We had no choice but to take the verbose log for distribution and log reader agents .From the logs it was clear that the log reader agent was delivering more than 1000 commands/sec while distribution agent was delivering less than 100 cmds/sec .

We were totally clue less because :
- Log Reader was running at its usual speed .So there was no issue with the Publisher .Nor there was any issue in pumping the data to Distributor.The log Reader Verbose log cleared it .So this was ruled out .

- Data from Distributor to Subscriber was slow .But we were not able to find out whether its slow in reading the data from distribution db or slow in pumping the data to the subscriber .db .What we could clearly see was that there was almost no activity on the subscriber .

-No Resource bottlenecks .Its just that something was stopping the data to flow from distributor to subscriber .This was like when we see an hour glass where there is a lot of sand at the top but the hole is so small that very less can go out of it .

I then saw the distribution verbose logs again and found that there were very frequent entries related to committing the transactions .The 5 similar sentences in 5 continuous lines were not very much clear but I could feel that something related to committing transactions was happening .But still very unclear .These entries were repeating in a group of 5-6 very frequently .The time consumption was around 2 seconds for each spell of 5-6 entries .

This gave us some hint and we immediately jumped to the Distribution agent profile to see if someone has not modified any setting which might be causing this issue.We did a mistake again because we just right clicked replication >> Distributor properties >> agent profiles >> Distribution agent .This was looking fine .

However, one of our colleagues opened up the profile of the distribution agent that was giving us the issue .This was the right way guys .We needed to do this . We found that -CommitBatchSize (default Value 100) and -CommitBatchThreshold(default Value 1000) values were changed to 10 each .

We then changed it back to the default and recycled the Distribution Agent .Thats it , the story ends here .
Due to this the rate at which the transactions were delivered at 1 cmd/transaction .

Even though it was a small setting that caused us slogging for hours , but the experience of working on the replication latency issue when there was actually no resource bottleneck (I call it as false latency) was amazing ..

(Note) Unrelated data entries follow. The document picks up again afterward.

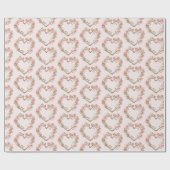 Roze Roze Romantische Rode Roos Bloemig Hart Trouw Cadeaupapier (Vlak)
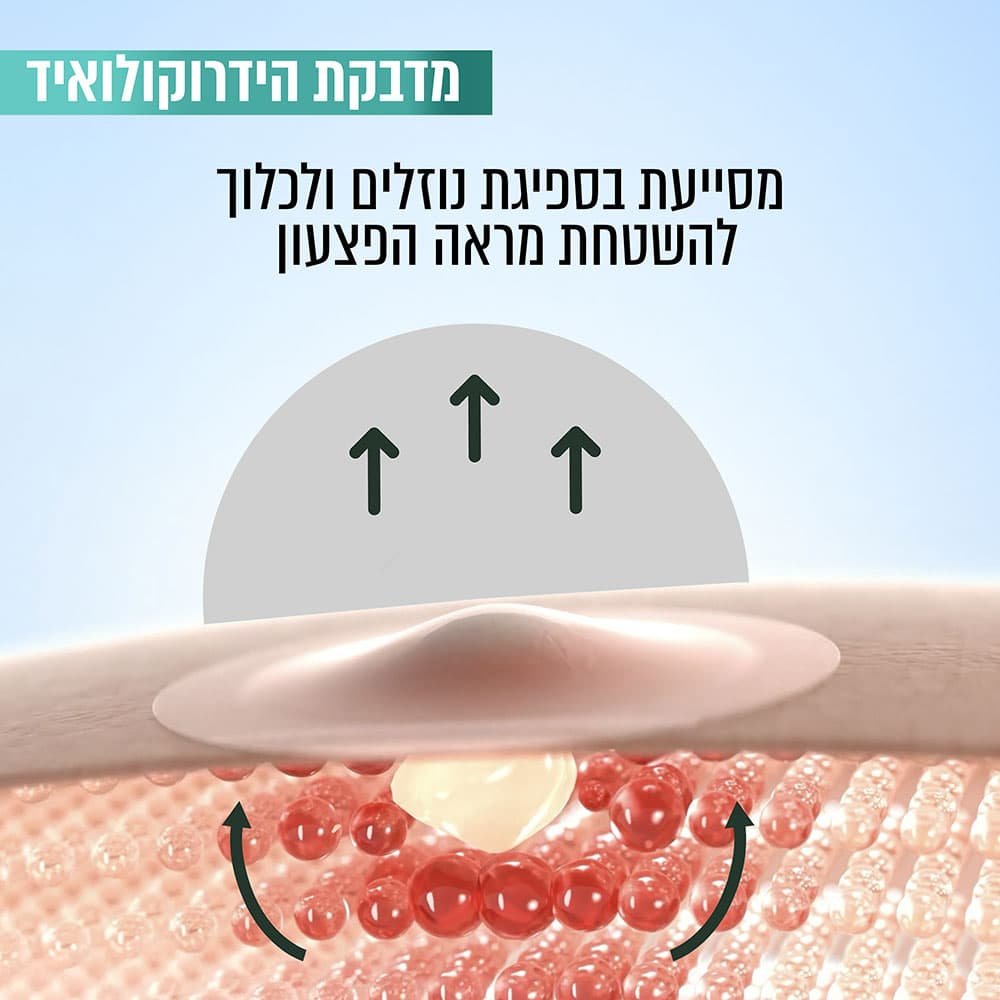 מדבקת הידרוקולואיד מסייעת בספיגת נוזלים ולכלוך להשטחת מראה הפצעון.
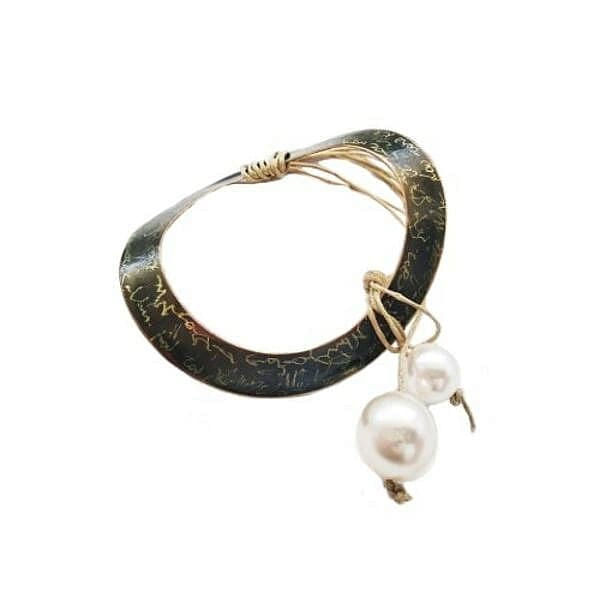 Handwritten big bracelet with pearl - 1314,Buy handwritten big bracelet with pearl, vintage,romantic and unique handmade fashion jewelry by greek fashion jewelry designer Aikaterini Chalkiadaki. A jewelry gift for her.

Cheers and Happy Learning ..

Saturday, January 14, 2012

Can restoring a database to another instance reduce Index fragmentation of underlying tables ?

Answer is NO ..but to come to this conclusion , I had to spend some time .One of my colleagues came to me with this question .My instant answer was a clear NO ...But then I asked him with a curiosity the reason for asking this question .As per him the nightly index reorg job that should run for a very long time , finished in just 3 hours .Also we cannot check the index fragmentation since it takes around 2 hours .Our tables are huge ..

I thought of 3 reasons :

1) Since there is a logic in our job to do re-org only if there is certain level of fragmentation , that day there might be no index coming in the rebuild category.This possibility was less but cannot be ruled out .

2) The restore actually reshuffled the pages and in that attempt cleared out some leaf level fragmentation .I remembered that restores take more time than backups .So I started believing this .

3) There might be some Re-org activity happening during the time the backups were happening .The backup might have a copy of well re-orged pages and this might have resulted in a less fragmented database .

I first started off with point 2 and soon realized that I was not correct .This did not take me much time .For point one , we added the log in the job so that as the job finishes , it creates the log which we can read .But this will take time to generate.

Now , I was left with option 3 .I had the table with > 99% fragmentation and 24085822 rows .The table size was around 4GB . DBCC Showcontig output is shared below :

DBCC SHOWCONTIG scanning 'stats_test' table...
Table: 'stats_test' (711673583); index ID: 1, database ID: 6
TABLE level scan performed.
- Pages Scanned................................: 268007
- Extents Scanned..............................: 33569
- Extent Switches..............................: 268005
- Avg. Pages per Extent........................: 8.0
- Scan Density [Best Count:Actual Count].......: 12.50% [33501:268006]
- Logical Scan Fragmentation ..................: 99.22%
- Extent Scan Fragmentation ...................: 0.01%
- Avg. Bytes Free per Page.....................: 3334.3
- Avg. Page Density (full).....................: 58.81%
DBCC execution completed. If DBCC printed error messages, contact your system administrator.

I then ran Index Reorg and noticed percent_complete column in sys.dm_exec_requests DMV .When it reached 46% , I kicked off the backup of the database .

Now let me restore the backup .....fingers crossed :) ....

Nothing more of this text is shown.